In retrospect, his conformity could have been a desperate defense against interior chaos. The author and his mother do what they can to help George A. stabilize, but the prognosis is poor.
About the same time, Payne pulled ahead, spectacularly: his first novel, Confessions of a Taoist on Wall Street, was a sensation. In a more gentlemanly age, he might have enjoyed absolute loyalty from an editor for an entire career. But the publishing business of the eighties and nineties was in a turmoil of its own. He met with challenges in his writing career, marriage, fatherhood, and eventually—or perhaps inevitably—with keeping sober.
The brothers were quite distant by the time of the tragedy. We hear about their rivalry, their hurts and mutual distrust, which Payne vividly renders in flashback scenes. David disapproved of his brother’s retreat to total dependency. He thought his brother ought to “try” instead of spending all day smoking cigarettes, watching TV in his mother’s house.
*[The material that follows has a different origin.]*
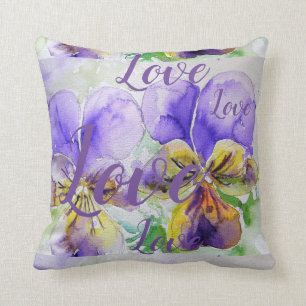 Coussin Love Purple fleur fleurie Aquarelle Viola Motif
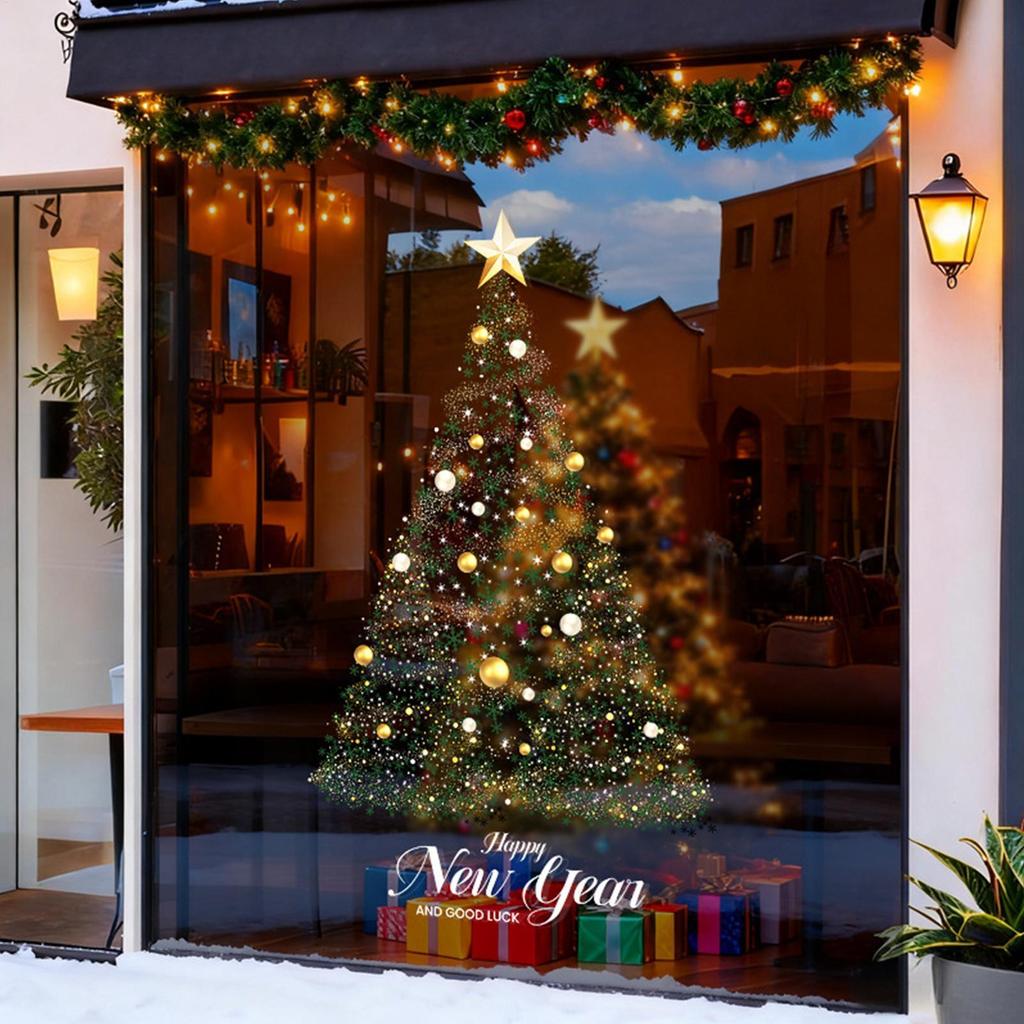 Merry Christmas Window Sticker Xmas Tree Pattern Mall Glass Window Display Electrostatic Sticker Xmas Ornament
Packing up David’s house in Vermont, and sharing a drive down to North Carolina with U-Hauls, gave them hope of spanning that distance. Too little too late: George died on the road back South when the rented truck fishtailed and he lost control.
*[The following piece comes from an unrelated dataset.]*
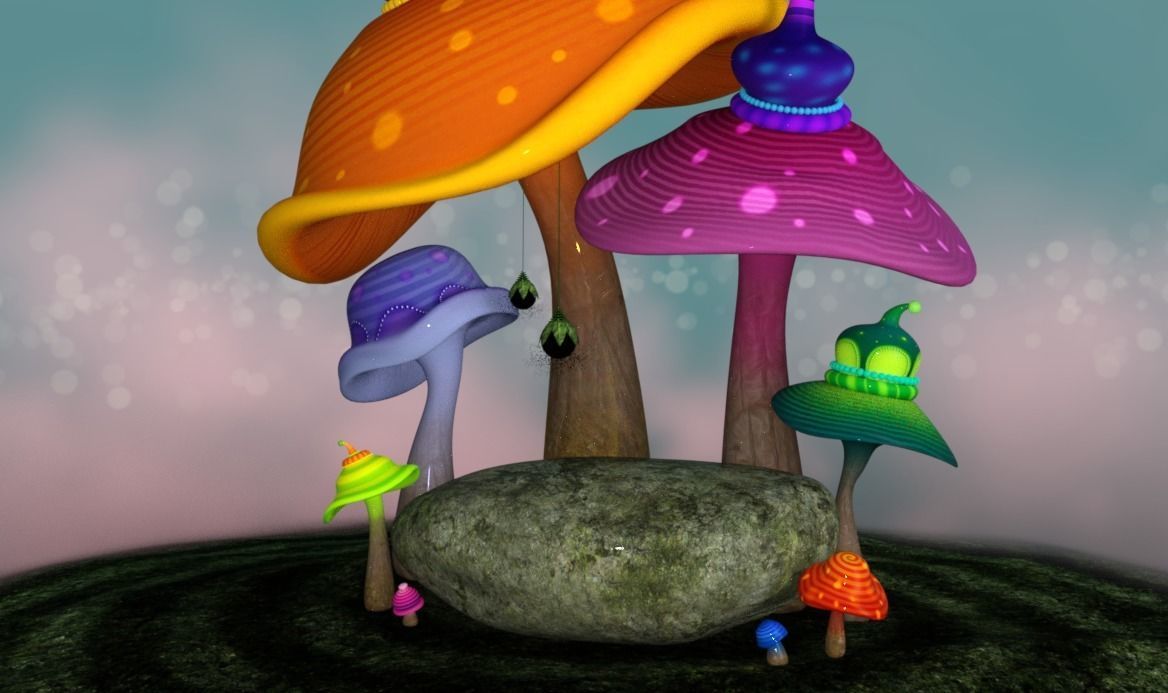 mistical Mushroom Rock 3D model_1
The heart of Payne’s memoir is the great gap between these two brothers, and David’s struggles before and after George’s death. We see their efforts to be good men, to make their way in the world as wounded and damaged as they are. They never get it quite right. Payne forces himself to show us the worst and the best. Merging memoir with tragedy, he shows us not only what it was, but what could never be.
Payne’s unique contribution to the genre of memoir could be his comprehensiveness. There’s something critic Fred Hobson calls “the Southern urge to explain,” apparent in last-century works by Faulkner or Penn Warren or Thomas Wolfe. Payne brings the same impulse into a new mode. With a distinctly Southern ambition, he insists that every tangent be traced back to the center, to the “spots of time” he’s exploring and exploding. In this, Barefoot to Avalon stands apart from the more linear heroes and heroines who populate today’s memoirs. Barefoot to Avalon insists that individual history and old harm imbue every hour of our lives, and that every hour is also entirely new, unlived, full of potential.